Al principio, Berlín es una cama blanca. El sol calienta las paredes. La piel brilla, preludiando. Es fantástico.
Luego me quedo sola, y duermo la tarde.
Al cabo de unas horas, cuando siento que ya he llegado, salimos a pasear. Los espacios son tan grandes. Edificios que me resultan gigantescos, cuadrados. Ventanas. La avenida Karl Marx. Se hace de noche tras la lluvia (es agradable, ahora, mojarse la nariz).
La ciudad nos recibió primaveral, calurosa, algo española en los acentos de la gente del Sunflower. Pero agotamos la luz con nuestra lánguida guerra y cuando llegamos a la calle, un cielo tupido de blanco y unas aceras mojadas e inmensas habían sustituido al calor amenazante del mediodía. Miramos hacia arriba y hacia los lados, apenas nos cruzamos con personas. La lluvia cae amable, y nos refugiamos en una enorme librería que está a punto de cerrar. Tocamos las cubiertas de los libros viejos con nuestros dedos húmedos. Las estanterías son de madera oscura y reluciente, hay mesas y sillas para leer. No entiendo una palabra, y a pesar de eso saco algunos libros de su lugar, los abro, los guardo en mis manos durante unos minutos. Compramos un mapa y unos cómics antiguos. Después, nos encerramos a tomar café tras unos cristales, en una cafetería desnuda y amplia. No falta un detalle geométrico a mi alrededor. Me destellan los puntos de rojo desgarrado, el azul chillón de las flores dibujadas en la pared.

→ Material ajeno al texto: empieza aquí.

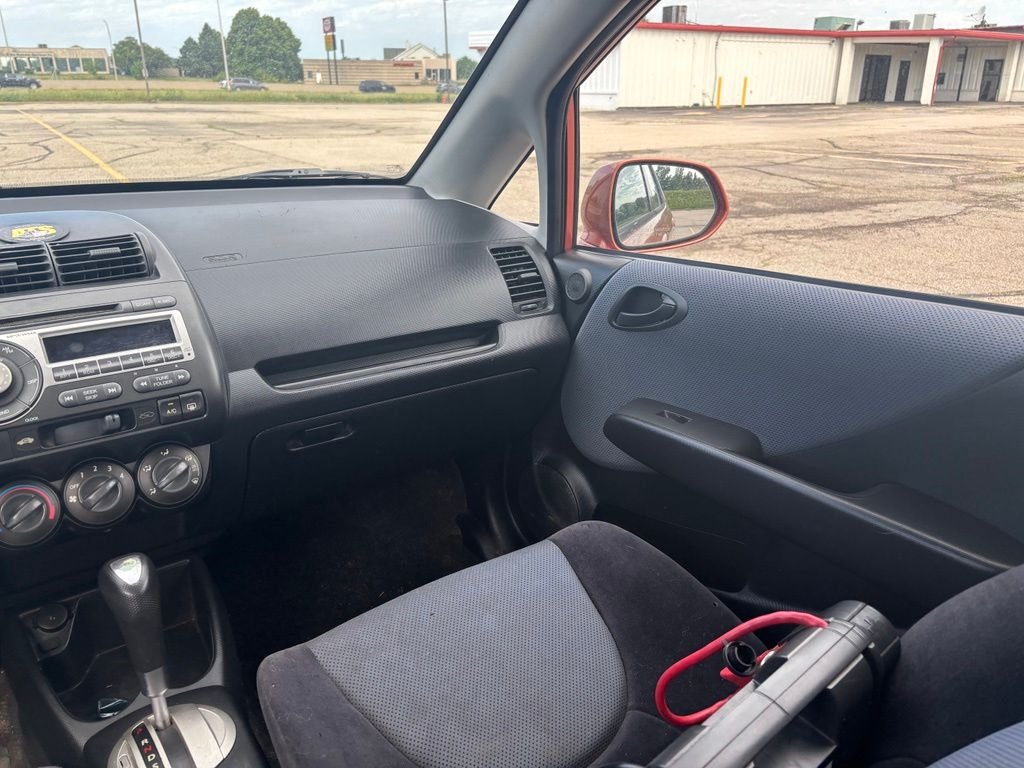 Used 2008 Brown Honda Sport image 14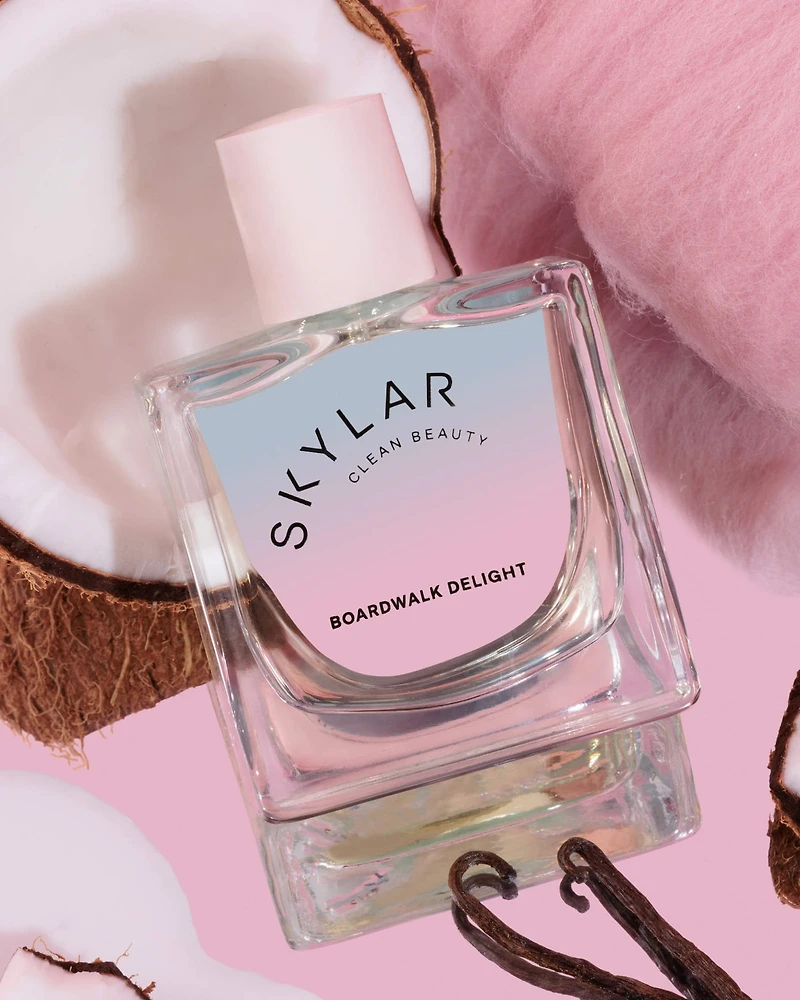Boardwalk Delight Eau de Parfum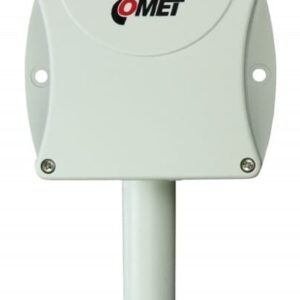 Comet P3110E Economy Humidity & Temperature Transmitter | 4-20mA Output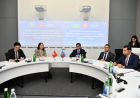 Vyetnamın vitse-prezidenti ADNSU-da olub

Se va yendo la luz del sol, que se pone, rosácea, tras lo lluvioso, y Alexanderplatz se abre ante nosotros, funcional y caótica, en obras, quieta de raíles. La luz es lo fluorescente. No existen las farolas en su verdadero sentido y el río parte en dos la piedra de una forma oscura y nítida, a la vez. Los museos enseñan su alumbrado interno, su funcionalismo estético. Unas proyecciones con sonido iluminan un edificio escondido en la avenida, detrás de la catedral. No hay nadie más que nosotros en la calle. Me gusta esta ciudad de historia renovada. Abrimos la boca, imagen tras imagen.
Pero tengo la sensación, eso sí, de que por este cielo preñado de lo último añil que queda en los bosques lejanos, sobre esta modernidad mil veces acabada y levantada, sonará el batir de alas de un pájaro monstruoso, enorme, de ruido prehistórico, y sobrevolará nuestras cabezas solitarias, con el pico abierto, mitológico, planeando entre los misteriosos e impertérritos cementos de Berlín. Como un terror liberado.
Ya la noche ha caído, y yo siento la ciudad achicándome el cuerpo. Me dejo hacer. La oscuridad en Berlín es valiente. La atravieso.